Entropic Entanglement: Information Prison Break

TL;DR

This paper proposes a modification to local quantum field theory near black hole horizons that allows quantum information to escape via Hawking radiation while maintaining unitarity, and explores implications for black hole thermodynamics.

Contribution

It introduces a smooth, localized modification to LQFT at the horizon that enables information leakage and unitarity restoration without affecting infalling observers.

Findings

Quantum information can escape black holes through modified Hawking radiation.

Unitarity of black hole evolution can be restored with minimal impact on infalling observers.
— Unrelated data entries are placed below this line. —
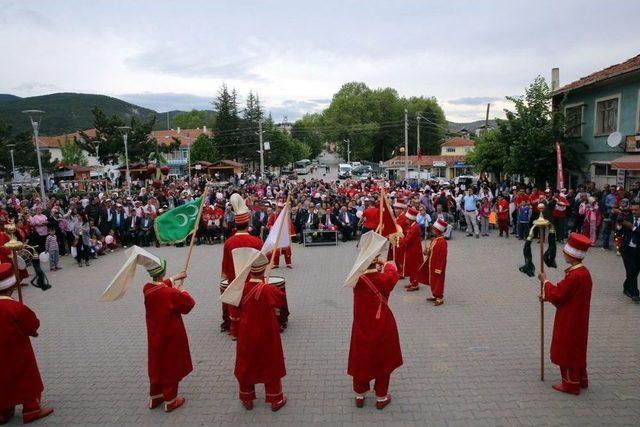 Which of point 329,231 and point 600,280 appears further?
point 329,231

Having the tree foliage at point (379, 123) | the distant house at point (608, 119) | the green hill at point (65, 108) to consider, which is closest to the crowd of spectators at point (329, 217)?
the distant house at point (608, 119)

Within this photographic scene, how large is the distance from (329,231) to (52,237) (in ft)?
28.9

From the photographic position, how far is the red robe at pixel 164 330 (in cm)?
560

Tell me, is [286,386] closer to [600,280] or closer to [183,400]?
[183,400]

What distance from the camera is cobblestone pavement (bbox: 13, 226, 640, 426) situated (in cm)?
552

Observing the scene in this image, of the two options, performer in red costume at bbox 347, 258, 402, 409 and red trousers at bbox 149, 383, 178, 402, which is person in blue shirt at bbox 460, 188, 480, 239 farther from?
red trousers at bbox 149, 383, 178, 402

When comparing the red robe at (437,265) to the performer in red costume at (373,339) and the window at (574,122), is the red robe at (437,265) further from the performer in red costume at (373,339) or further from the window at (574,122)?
the window at (574,122)

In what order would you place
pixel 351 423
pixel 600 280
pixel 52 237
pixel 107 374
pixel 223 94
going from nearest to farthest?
1. pixel 351 423
2. pixel 107 374
3. pixel 600 280
4. pixel 52 237
5. pixel 223 94

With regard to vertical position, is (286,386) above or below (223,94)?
below

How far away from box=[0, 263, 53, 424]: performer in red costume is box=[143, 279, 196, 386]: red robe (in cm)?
132

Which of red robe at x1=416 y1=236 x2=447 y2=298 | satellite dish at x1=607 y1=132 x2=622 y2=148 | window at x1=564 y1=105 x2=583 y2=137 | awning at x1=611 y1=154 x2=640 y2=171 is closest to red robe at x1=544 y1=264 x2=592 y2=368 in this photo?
red robe at x1=416 y1=236 x2=447 y2=298

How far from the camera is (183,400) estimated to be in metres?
5.89

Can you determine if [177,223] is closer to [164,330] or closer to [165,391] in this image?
[164,330]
Black hole thermodynamics may be interpreted through entanglement entropy, leading to nonsingular horizon behavior.

Abstract

We argue certain nonviolent local quantum field theory (LQFT) modification considered at the global horizon ($r=2M$) of a static spherically-symmetric black hole can lead to adiabatic leakage of quantum information in the form of Hawking particles. The source of the modification is (i) smooth at $r=2M$ and (ii) rapidly vanishing at $r\gg2M$. Furthermore, we restore the unitary evolution by introducing extra quanta which departs slightly from the generic Hawking emission without changing the experience of an infalling observer (no drama). Also, we suggest that a possible interpretation of the Bekenstein-Hawking bound as entanglement entropy may yield a nonsingular dynamical horizon behavior described by black hole thermodynamics. Hence by treating gravity as a field theory, and considering its coupling to the matter fields in the Minkowski vacuum, we derive the conjectured fluctuations of the background geometry of a black hole.